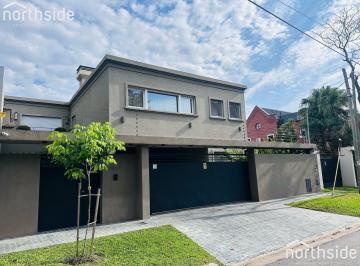 Casa · 500m² · 8 Ambientes · 2 Cocheras · Casa en Venta en La Horqueta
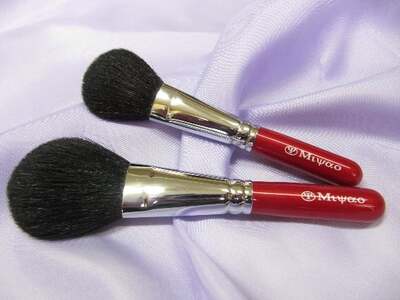 熊野化粧筆 レッドパール2本セットBR-95【メイクブラシ 化粧筆 フェイスブラシ チークブラシ 熊野筆 伝統工芸 職人技 高級筆 セット ギフト 贈り物】 22-11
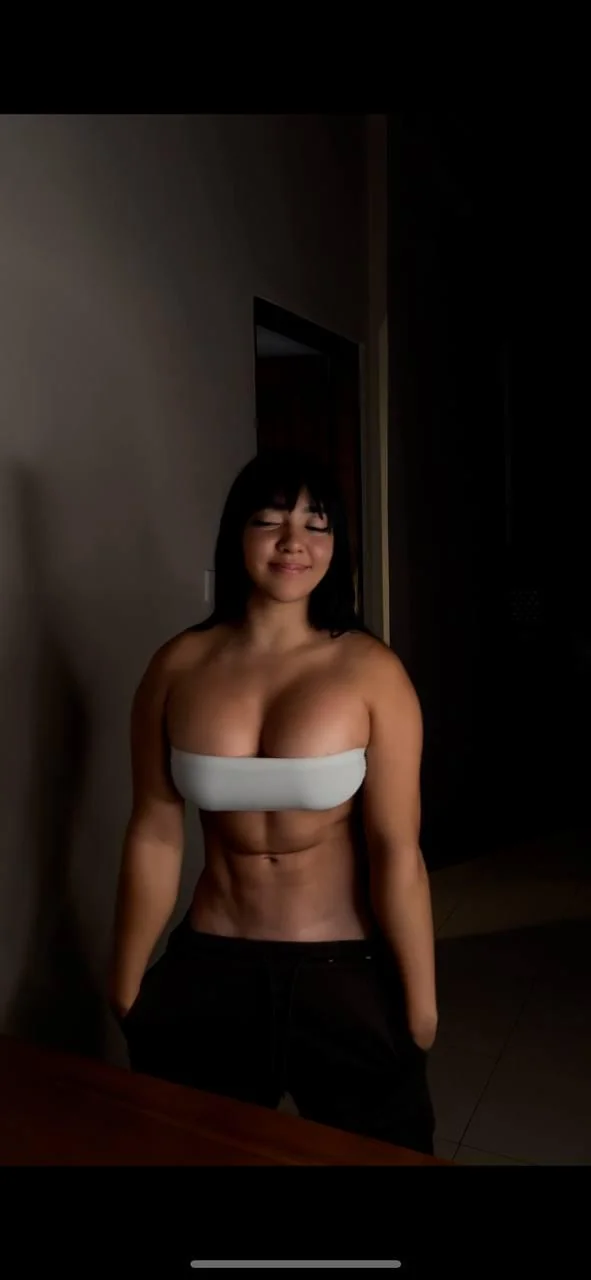 Jade Miura picture 1 of 1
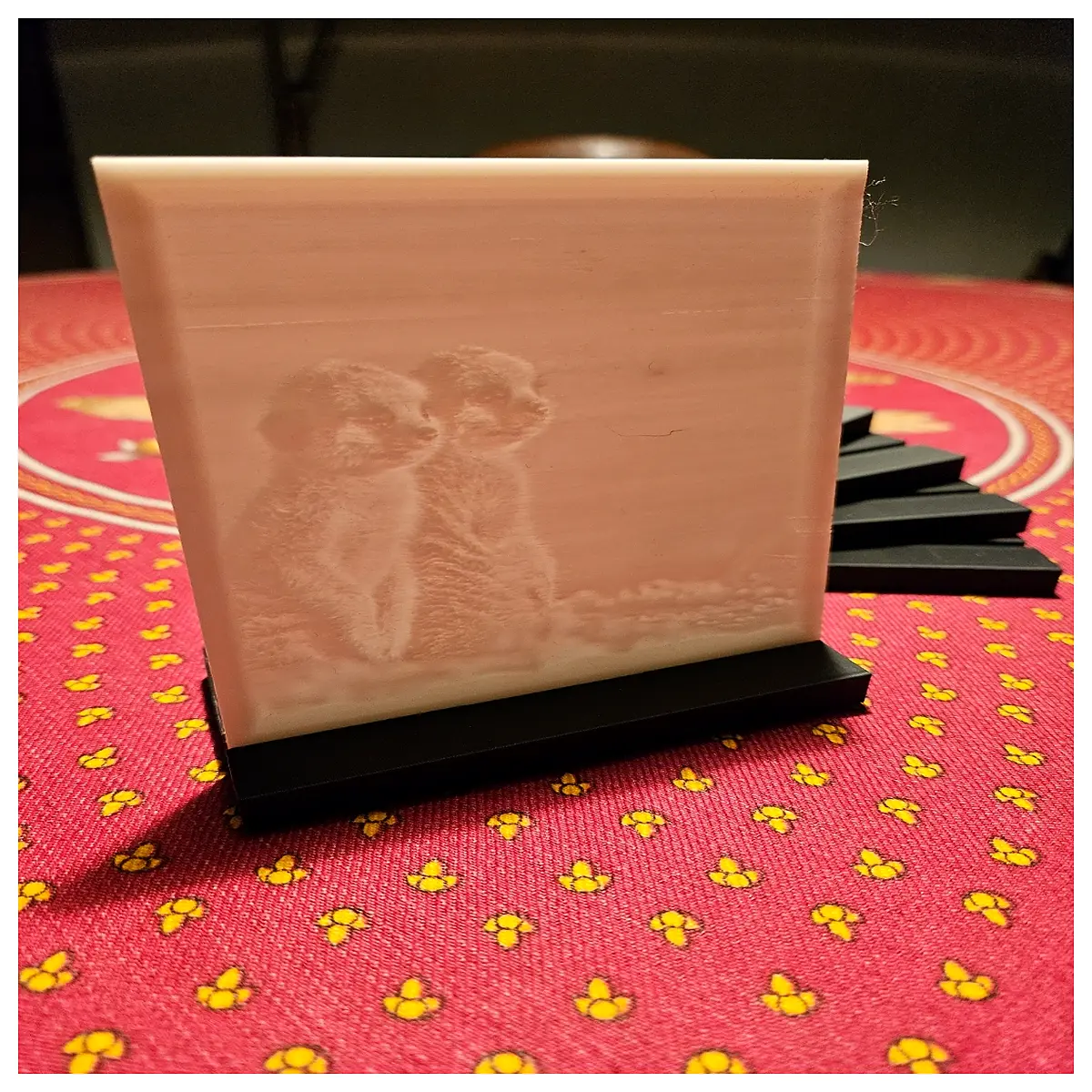 Translucent Carved Photo Display Stand Decorative Display Shelf Creative Home Showcase Desktop Photography Support Interior Decor Accessory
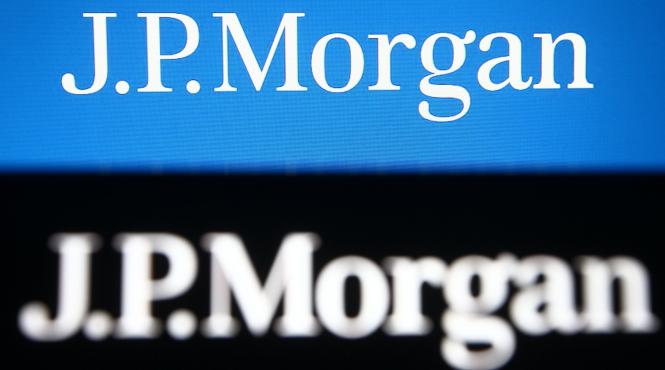 banci sua trec teste recesiune severa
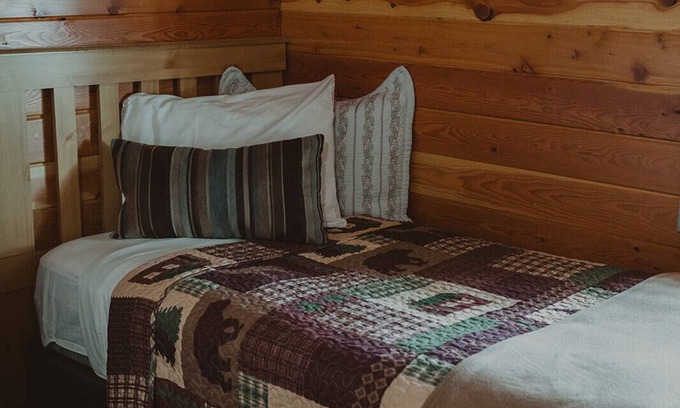 Seeley Lake Cabin | Dockside Cabin at Tamaracks Resort is family-friendly and right on the lake!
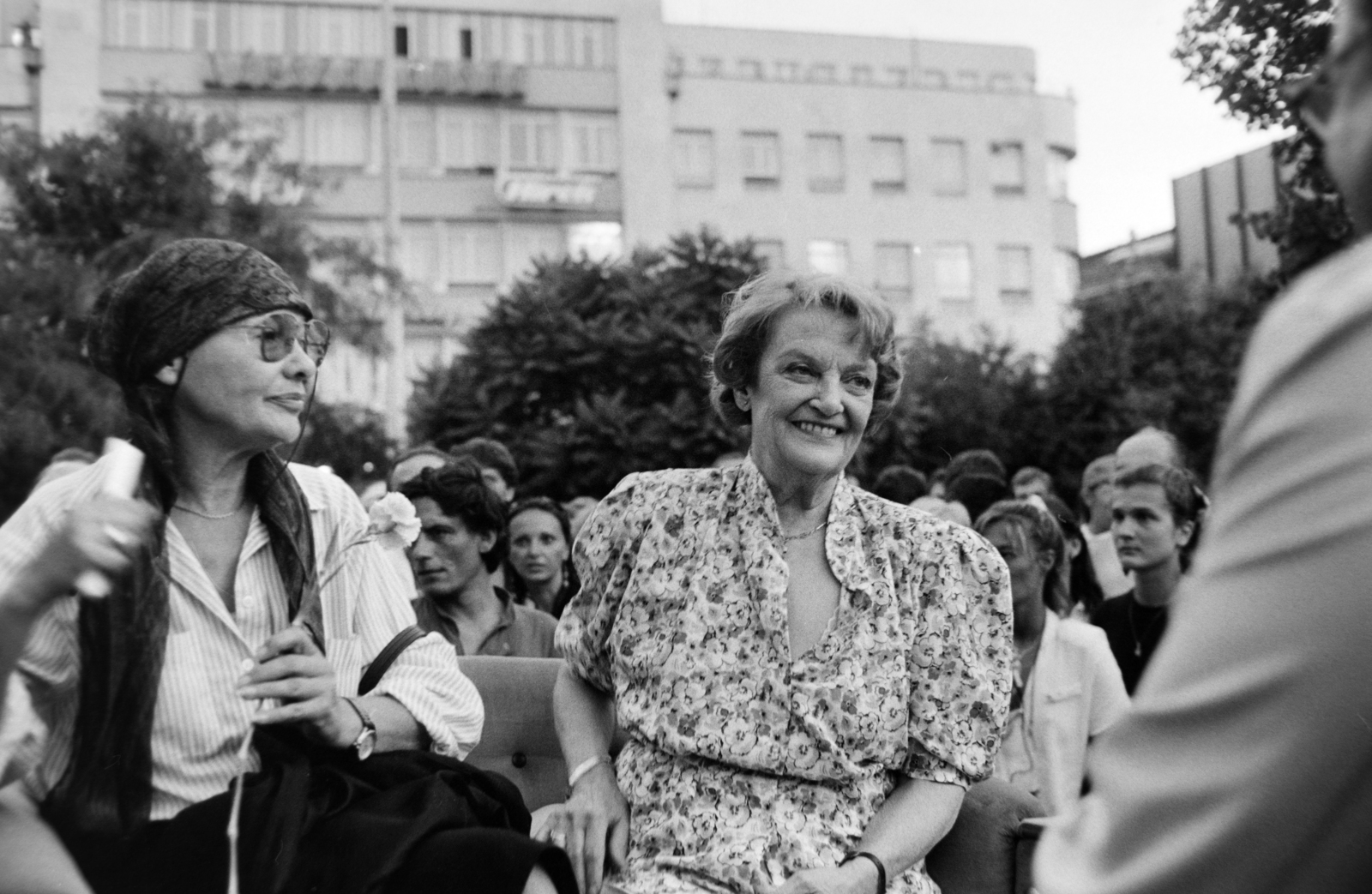 Hungary, Budapest VIII., Blaha Lujza tér, a Színészkarnevál előestéjén fáklyás felvonulásra gyülekezők. Előtérben Törőcsik Mari és Tolnay Klári színművésznők., 1990, Gábor Viktor, Budapest, Fortepan #194667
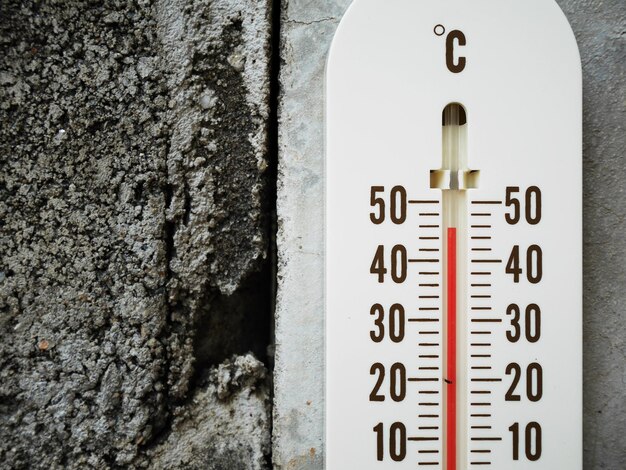 Photo closeup thermometer showing temperature in degrees celsius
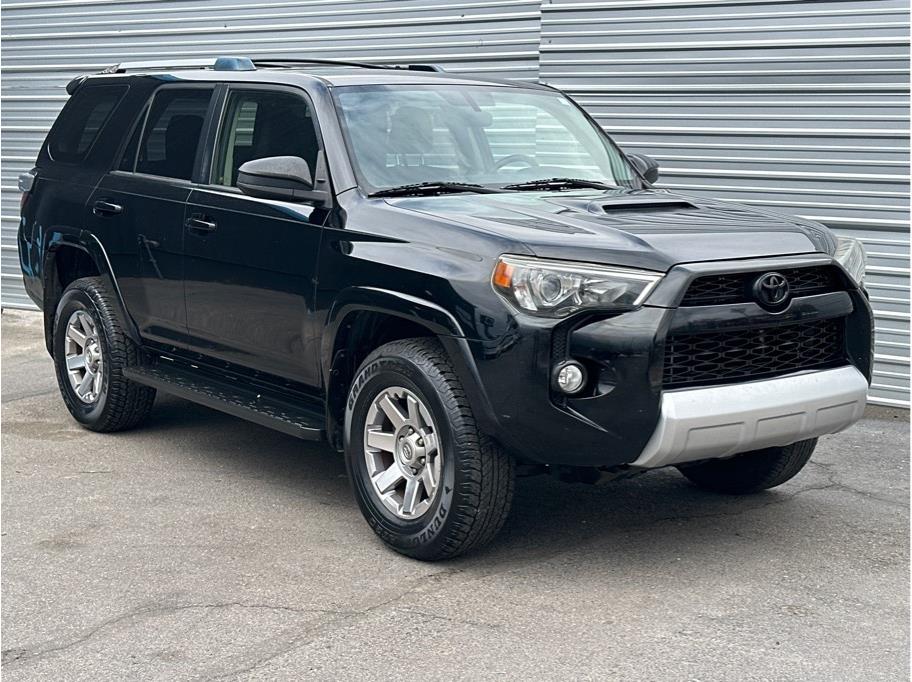 Vehicle image 3 of 27
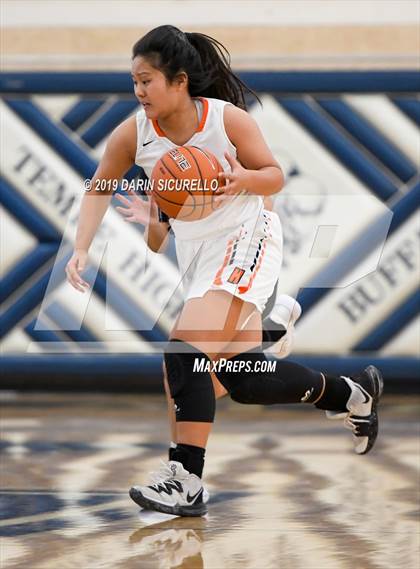 Thumbnail 1 in Huntington Beach vs. Carondelet (NIKE Tournament of Champions) photogallery.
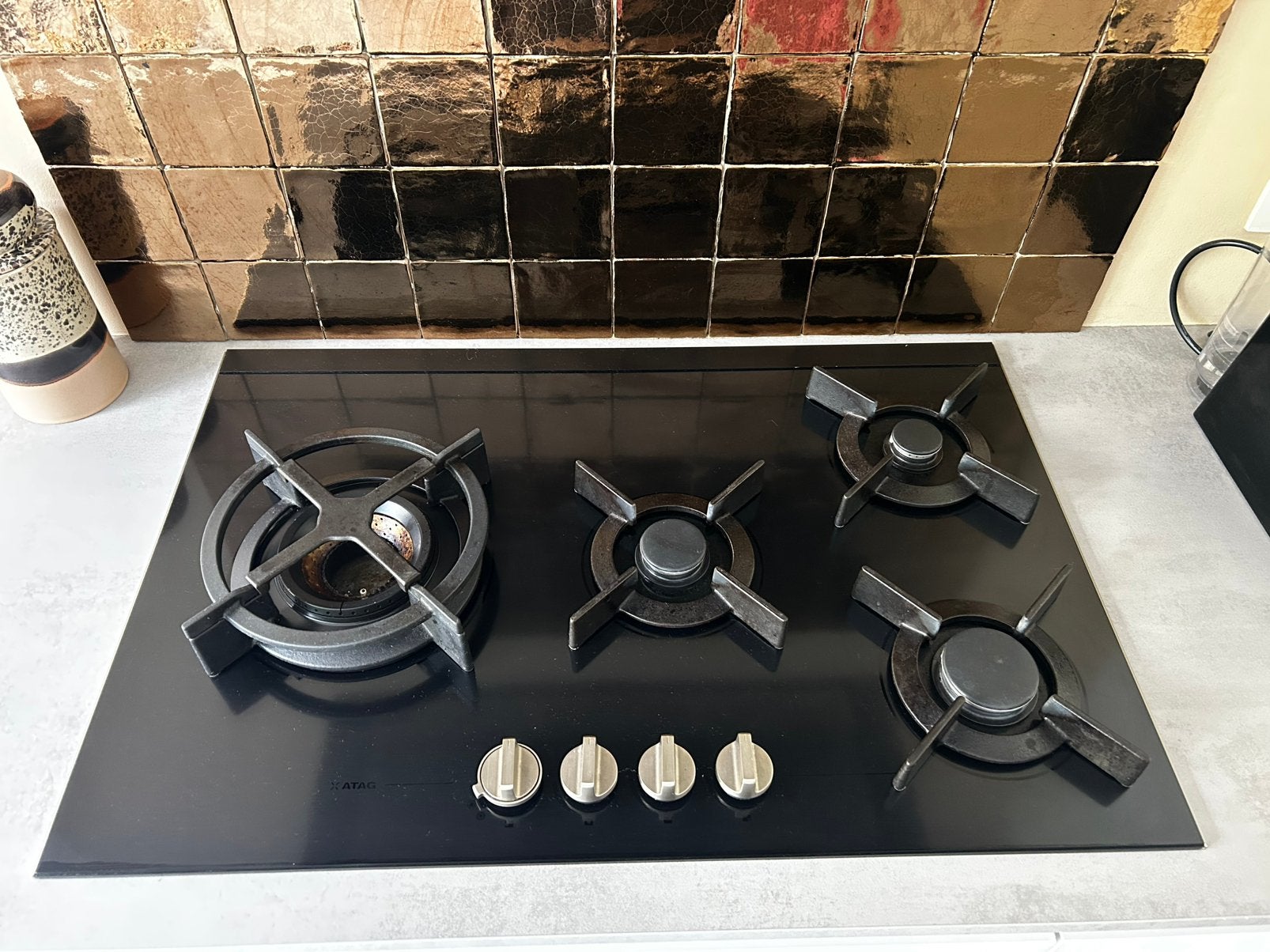 ATAG HG6492EBA gaskookplaat 60 cm – zwart glas, Witgoed en Apparatuur, Kookplaten, Ophalen, 4 kookzones, Zo goed als nieuw, Inbouw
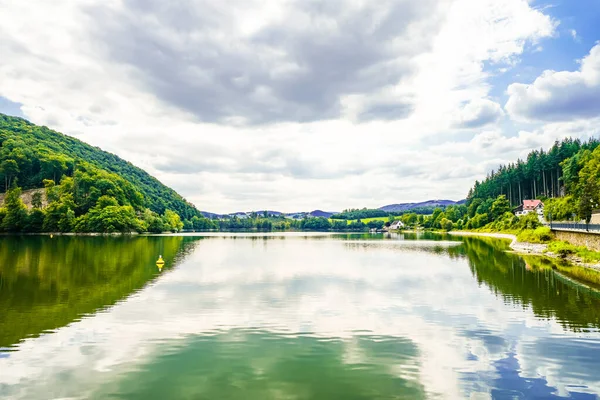 Diemelsee Gölü ve çevre manzarası. Sauerland 'deki su deposunda idilik doğa..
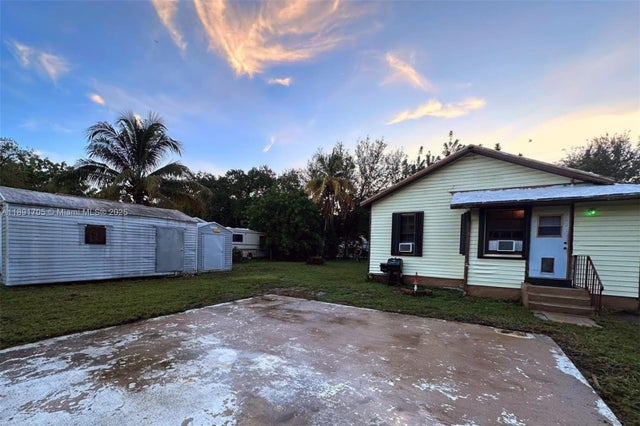 3 of 23 - 5161 Sw 27th Ave, Dania Beach, FL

..........

Everything from the line containing "Hungary, Budapest VIII., Blaha" through the end of the data should be printed exactly, line for line, except the pictures.

 Hungary, Budapest VIII., Blaha Lujza tér, a Színészkarnevál előestéjén fáklyás felvonulásra gyülekezők. Előtérben Törőcsik Mari és Tolnay Klári színművésznők., 1990, Gábor Viktor, Budapest, Fortepan #194667
 Photo closeup thermometer showing temperature in degrees celsius
 Vehicle image 3 of 27
 Thumbnail 1 in Huntington Beach vs. Carondelet (NIKE Tournament of Champions) photogallery.
 ATAG HG6492EBA gaskookplaat 60 cm – zwart glas, Witgoed en Apparatuur, Kookplaten, Ophalen, 4 kookzones, Zo goed als nieuw, Inbouw
 Diemelsee Gölü ve çevre manzarası. Sauerland 'deki su deposunda idilik doğa..
 3 of 23 - 5161 Sw 27th Ave, Dania Beach, FL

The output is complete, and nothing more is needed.